Brief ▸ Below are records to be transcribed exactly; any pictures should be left out.

[Records drawn from a dataset]
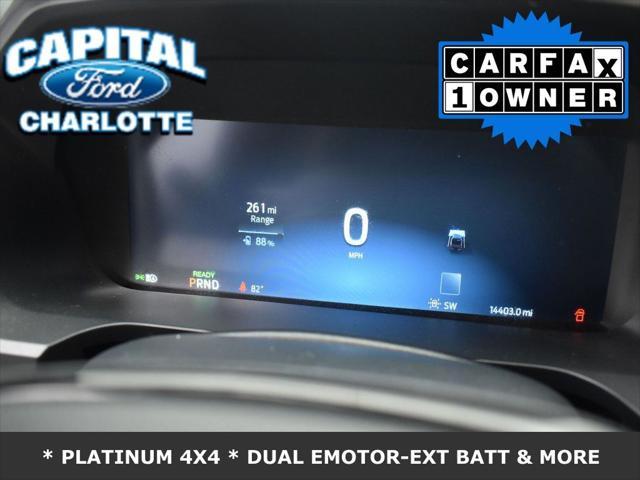 used 2023 Ford F-150 Lightning car, priced at $50,499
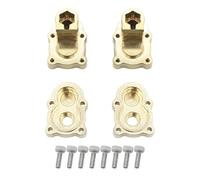 Palumma Anteriore/ruota posteriore in ottone per FMS 1/24 Power WAGON FCX24 RC Accessori auto (ruota posteriore)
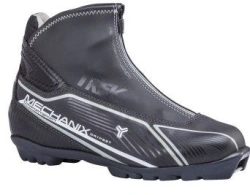 Trek Mechanix4 Black Ski Boots for NNN Bindings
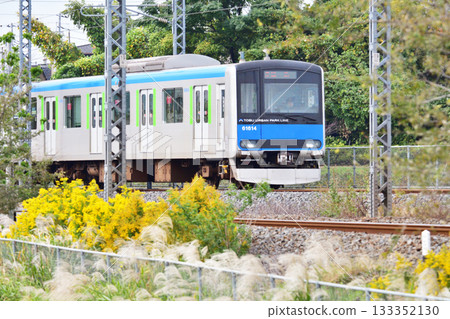 鐵路：東武野田線，60000系列，61614F 133352130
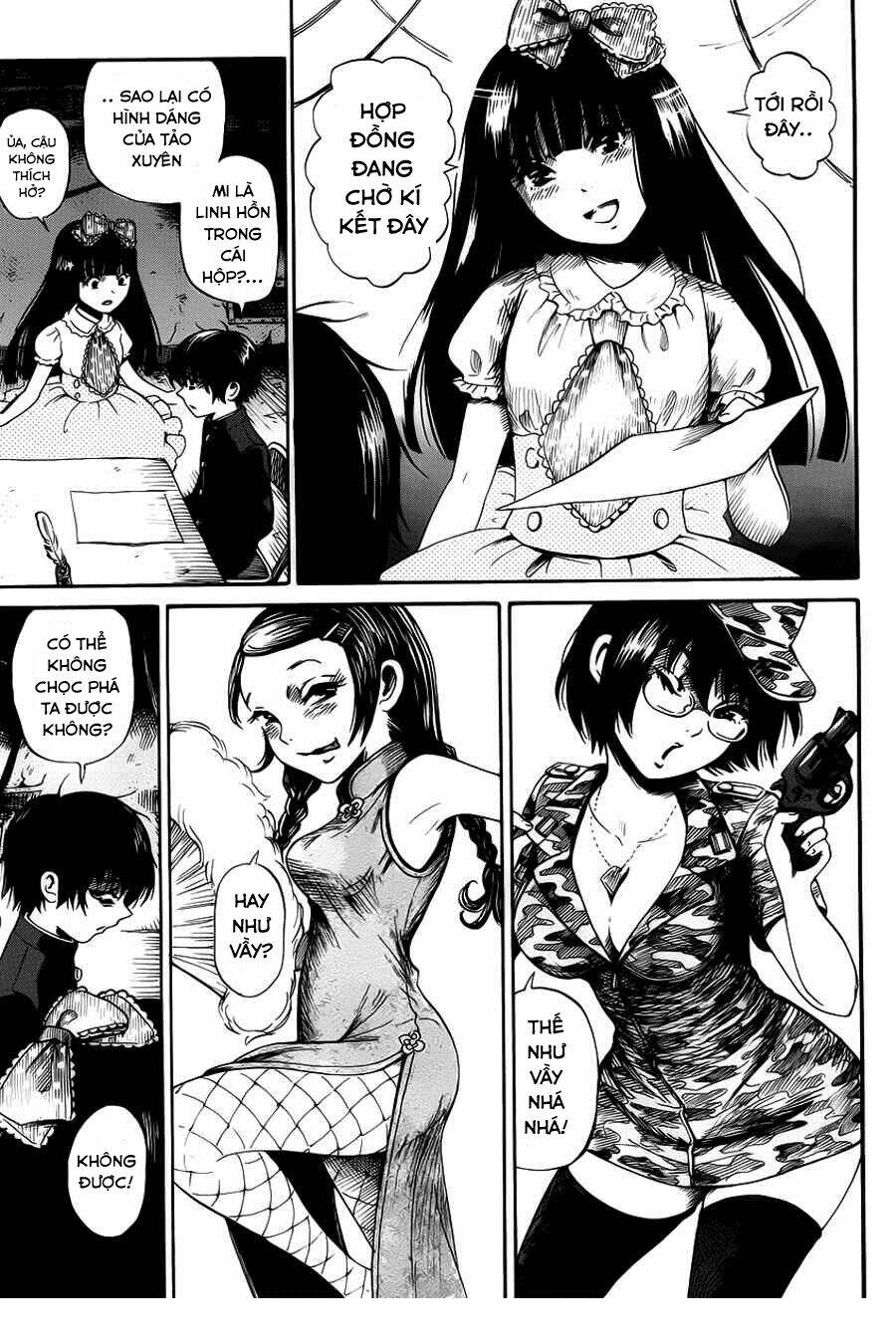Shibito No Koe O Kiku Ga Yoi Chương 11 Ảnh 20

Exercise solution ▸
 used 2023 Ford F-150 Lightning car, priced at $50,499
 Palumma Anteriore/ruota posteriore in ottone per FMS 1/24 Power WAGON FCX24 RC Accessori auto (ruota posteriore)
 Trek Mechanix4 Black Ski Boots for NNN Bindings
 鐵路：東武野田線，60000系列，61614F 133352130
Shibito No Koe O Kiku Ga Yoi Chương 11 Ảnh 20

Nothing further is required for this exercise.